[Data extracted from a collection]
>>>
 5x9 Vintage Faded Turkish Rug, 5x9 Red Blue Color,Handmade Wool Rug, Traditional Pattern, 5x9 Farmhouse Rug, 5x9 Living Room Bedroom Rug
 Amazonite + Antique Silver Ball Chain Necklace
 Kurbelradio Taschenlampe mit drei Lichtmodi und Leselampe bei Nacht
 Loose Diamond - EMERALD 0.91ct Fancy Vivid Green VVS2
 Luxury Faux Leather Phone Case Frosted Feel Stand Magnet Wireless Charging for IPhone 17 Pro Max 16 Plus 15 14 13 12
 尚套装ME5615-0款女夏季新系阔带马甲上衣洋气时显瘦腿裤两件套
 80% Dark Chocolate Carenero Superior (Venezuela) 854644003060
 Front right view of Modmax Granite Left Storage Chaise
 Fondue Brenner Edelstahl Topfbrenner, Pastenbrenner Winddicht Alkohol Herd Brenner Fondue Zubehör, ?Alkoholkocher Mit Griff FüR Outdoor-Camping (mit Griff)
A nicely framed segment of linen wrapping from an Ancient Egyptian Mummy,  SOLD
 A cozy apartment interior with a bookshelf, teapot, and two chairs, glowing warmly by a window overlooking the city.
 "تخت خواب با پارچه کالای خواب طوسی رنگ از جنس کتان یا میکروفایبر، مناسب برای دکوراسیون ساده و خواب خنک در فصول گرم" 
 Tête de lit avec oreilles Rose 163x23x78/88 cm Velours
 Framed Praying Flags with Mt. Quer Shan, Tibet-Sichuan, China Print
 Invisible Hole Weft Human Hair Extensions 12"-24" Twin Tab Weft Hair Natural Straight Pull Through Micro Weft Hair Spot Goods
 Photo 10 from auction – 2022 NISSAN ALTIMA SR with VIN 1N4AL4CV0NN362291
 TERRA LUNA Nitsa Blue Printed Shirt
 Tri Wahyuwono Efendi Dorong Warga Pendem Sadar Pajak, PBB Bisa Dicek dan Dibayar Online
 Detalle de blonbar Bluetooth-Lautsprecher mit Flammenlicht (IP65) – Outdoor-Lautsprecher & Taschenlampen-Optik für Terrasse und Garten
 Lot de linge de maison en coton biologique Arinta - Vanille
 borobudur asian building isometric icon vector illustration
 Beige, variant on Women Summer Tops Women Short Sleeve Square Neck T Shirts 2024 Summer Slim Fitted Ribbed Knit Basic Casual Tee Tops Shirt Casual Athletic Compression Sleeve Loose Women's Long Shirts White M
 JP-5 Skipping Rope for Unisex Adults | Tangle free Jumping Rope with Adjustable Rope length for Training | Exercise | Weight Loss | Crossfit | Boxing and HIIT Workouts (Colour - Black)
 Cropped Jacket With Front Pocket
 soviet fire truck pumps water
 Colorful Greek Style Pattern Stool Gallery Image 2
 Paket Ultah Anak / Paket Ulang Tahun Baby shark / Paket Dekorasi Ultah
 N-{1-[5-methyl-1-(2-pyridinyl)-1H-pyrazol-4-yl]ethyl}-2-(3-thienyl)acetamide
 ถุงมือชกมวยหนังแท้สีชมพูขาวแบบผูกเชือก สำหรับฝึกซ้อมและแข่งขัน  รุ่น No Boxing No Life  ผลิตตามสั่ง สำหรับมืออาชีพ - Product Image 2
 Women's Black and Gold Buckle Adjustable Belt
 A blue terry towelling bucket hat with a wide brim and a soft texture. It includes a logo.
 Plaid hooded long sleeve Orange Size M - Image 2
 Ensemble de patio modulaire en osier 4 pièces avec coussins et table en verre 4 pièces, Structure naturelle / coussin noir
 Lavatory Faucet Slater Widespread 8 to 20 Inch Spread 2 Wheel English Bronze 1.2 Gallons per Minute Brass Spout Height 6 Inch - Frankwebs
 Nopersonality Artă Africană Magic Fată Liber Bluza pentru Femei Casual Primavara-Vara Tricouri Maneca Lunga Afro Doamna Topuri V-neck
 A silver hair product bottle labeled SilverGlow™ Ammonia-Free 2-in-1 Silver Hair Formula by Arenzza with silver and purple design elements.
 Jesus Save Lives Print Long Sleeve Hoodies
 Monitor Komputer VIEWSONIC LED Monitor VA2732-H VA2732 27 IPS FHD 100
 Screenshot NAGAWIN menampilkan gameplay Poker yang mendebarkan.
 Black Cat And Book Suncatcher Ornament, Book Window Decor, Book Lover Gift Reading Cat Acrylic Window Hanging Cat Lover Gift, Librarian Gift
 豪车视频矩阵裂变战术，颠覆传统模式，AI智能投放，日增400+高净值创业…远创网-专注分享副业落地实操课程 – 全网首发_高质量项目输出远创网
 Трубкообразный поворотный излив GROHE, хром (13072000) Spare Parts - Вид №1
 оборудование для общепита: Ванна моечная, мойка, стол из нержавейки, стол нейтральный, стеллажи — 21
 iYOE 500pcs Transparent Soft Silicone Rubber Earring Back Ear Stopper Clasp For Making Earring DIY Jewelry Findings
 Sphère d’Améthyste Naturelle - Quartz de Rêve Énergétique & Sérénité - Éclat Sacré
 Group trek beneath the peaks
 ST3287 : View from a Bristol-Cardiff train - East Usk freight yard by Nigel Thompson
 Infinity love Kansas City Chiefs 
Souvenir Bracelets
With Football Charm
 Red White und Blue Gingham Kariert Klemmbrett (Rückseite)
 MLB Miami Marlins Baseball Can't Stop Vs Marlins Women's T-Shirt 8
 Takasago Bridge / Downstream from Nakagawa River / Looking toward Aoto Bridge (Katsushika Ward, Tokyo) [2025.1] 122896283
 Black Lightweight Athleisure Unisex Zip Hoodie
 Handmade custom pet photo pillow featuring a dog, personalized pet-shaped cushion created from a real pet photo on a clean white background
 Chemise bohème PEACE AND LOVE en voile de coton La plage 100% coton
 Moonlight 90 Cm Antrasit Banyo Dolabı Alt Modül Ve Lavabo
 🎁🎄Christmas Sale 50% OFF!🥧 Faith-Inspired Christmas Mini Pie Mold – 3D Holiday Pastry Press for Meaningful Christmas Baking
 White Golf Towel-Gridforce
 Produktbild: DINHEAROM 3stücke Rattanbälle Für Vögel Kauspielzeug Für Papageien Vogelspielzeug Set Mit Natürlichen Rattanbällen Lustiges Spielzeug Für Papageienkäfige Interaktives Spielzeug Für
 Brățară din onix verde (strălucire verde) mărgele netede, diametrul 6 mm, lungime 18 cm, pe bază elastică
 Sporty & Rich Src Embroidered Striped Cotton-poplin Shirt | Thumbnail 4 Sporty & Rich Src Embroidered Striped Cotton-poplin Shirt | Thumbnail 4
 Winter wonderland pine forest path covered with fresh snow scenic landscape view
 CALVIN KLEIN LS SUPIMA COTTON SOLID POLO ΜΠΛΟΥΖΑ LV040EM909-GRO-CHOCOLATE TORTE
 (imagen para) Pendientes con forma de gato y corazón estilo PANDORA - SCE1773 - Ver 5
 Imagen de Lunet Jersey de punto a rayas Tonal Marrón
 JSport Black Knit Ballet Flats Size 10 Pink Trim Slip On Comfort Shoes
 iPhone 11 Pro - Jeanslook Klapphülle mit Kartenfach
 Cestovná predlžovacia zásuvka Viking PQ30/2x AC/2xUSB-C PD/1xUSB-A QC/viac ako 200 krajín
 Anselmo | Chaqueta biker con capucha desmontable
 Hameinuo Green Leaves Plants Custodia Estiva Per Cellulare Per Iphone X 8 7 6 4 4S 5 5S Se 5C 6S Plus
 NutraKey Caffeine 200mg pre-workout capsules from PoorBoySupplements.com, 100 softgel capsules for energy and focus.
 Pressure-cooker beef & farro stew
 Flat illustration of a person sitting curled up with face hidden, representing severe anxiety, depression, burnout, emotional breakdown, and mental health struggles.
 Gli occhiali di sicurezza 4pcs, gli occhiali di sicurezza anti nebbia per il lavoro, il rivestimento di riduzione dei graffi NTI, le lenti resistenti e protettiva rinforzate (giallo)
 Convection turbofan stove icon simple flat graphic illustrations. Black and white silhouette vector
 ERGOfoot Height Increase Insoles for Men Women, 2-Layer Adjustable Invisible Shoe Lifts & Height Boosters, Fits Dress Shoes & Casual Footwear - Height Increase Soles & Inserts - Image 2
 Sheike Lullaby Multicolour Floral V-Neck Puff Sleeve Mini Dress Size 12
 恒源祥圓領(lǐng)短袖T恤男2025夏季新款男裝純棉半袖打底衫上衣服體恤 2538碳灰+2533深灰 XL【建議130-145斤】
<<<
What is expected: Keeping every character as it is, restate the lines above that run from the line with "With Football Charm" through the line with "Brățară din onix", both included, and nothing else.

Solution to this problem:
With Football Charm
 Red White und Blue Gingham Kariert Klemmbrett (Rückseite)
 MLB Miami Marlins Baseball Can't Stop Vs Marlins Women's T-Shirt 8
 Takasago Bridge / Downstream from Nakagawa River / Looking toward Aoto Bridge (Katsushika Ward, Tokyo) [2025.1] 122896283
 Black Lightweight Athleisure Unisex Zip Hoodie
 Handmade custom pet photo pillow featuring a dog, personalized pet-shaped cushion created from a real pet photo on a clean white background
 Chemise bohème PEACE AND LOVE en voile de coton La plage 100% coton
 Moonlight 90 Cm Antrasit Banyo Dolabı Alt Modül Ve Lavabo
 🎁🎄Christmas Sale 50% OFF!🥧 Faith-Inspired Christmas Mini Pie Mold – 3D Holiday Pastry Press for Meaningful Christmas Baking
 White Golf Towel-Gridforce
 Produktbild: DINHEAROM 3stücke Rattanbälle Für Vögel Kauspielzeug Für Papageien Vogelspielzeug Set Mit Natürlichen Rattanbällen Lustiges Spielzeug Für Papageienkäfige Interaktives Spielzeug Für
 Brățară din onix verde (strălucire verde) mărgele netede, diametrul 6 mm, lungime 18 cm, pe bază elastică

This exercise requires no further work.